The gravity model used in propagation can be selected via the `gravity_model` parameter. Available models are:

| Model | Description |
|---|---|
| `egm96` | Earth Gravitational Model 1996 (default) |
| `jgm3` | Joint Gravity Model 3 |
| `jgm2` | Joint Gravity Model 2 |
| `itugrace16` | ITU GRACE 2016 |

The `gravity_degree` and `gravity_order` parameters control the maximum degree and order of the spherical harmonic expansion.

## Future Propagation

When propagating into the future (beyond the date range of downloaded data files), the following behavior applies:

- **Earth Orientation Parameters** ($\Delta UT1$, $x_p$, $y_p$): The last available values from the EOP file are used (constant extrapolation). This is much more accurate than defaulting to zero, since these parameters change slowly.

- **Space Weather** (F10.7 solar flux, Ap geomagnetic index): When historical space weather data is not available, the [NOAA/SWPC solar cycle forecast](https://www.swpc.noaa.gov/products/solar-cycle-progression) is used for predicted F10.7 values (out ~5 years). The Ap geomagnetic index is not included in the forecast and defaults to 4. If neither source is available, fixed defaults are used (F10.7 = 150, Ap = 4). Run `satkit.utils.update_datafiles()` to download the latest forecast.

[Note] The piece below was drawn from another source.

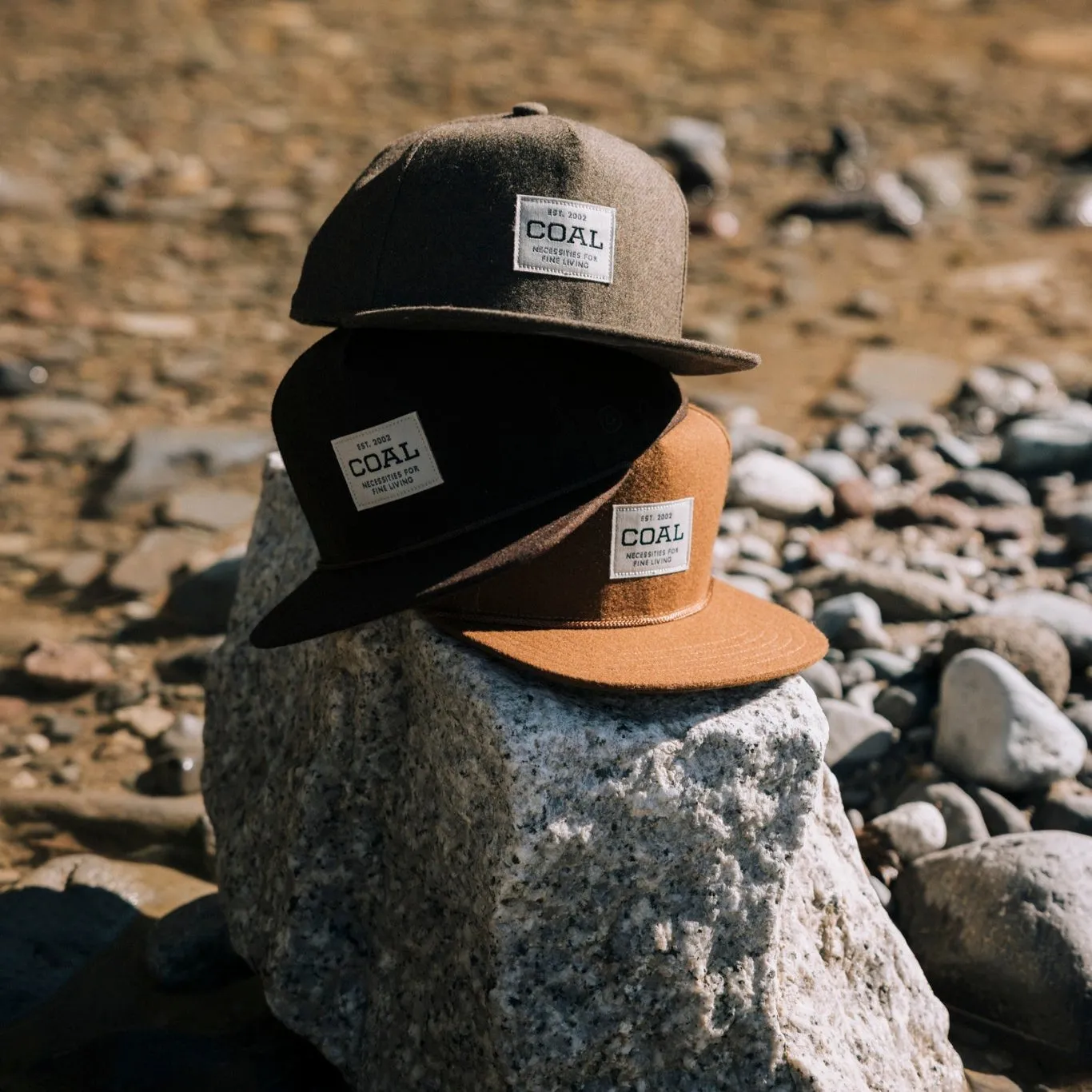 The Uniform Classic Cap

## State Transition Matrix

The state transition matrix, $\Phi$ describes the partial derivative of the propagated position and velocity with respect to the initial position and velocity:

$$
\Phi~=~\frac{\partial (\vec{p},\vec{v})}{\partial (\vec{p}_0,\vec{v}_0)}
$$

This 6x6 matrix can be computed by numerically integrating the partial derivatives of the accelerations described above, and is useful for "propagating" the 6x6 state covariance, via the equation below. Details for computing $\Phi$ are found in Montenbruck & Gill.

$$
\sigma^2_{p,v}~=~\Phi~\sigma^2_{p_0,v_0}~\Phi^T
$$

The state transition matrix is also useful when estimating a satellite state from a series of observations (e.g., radar or optical).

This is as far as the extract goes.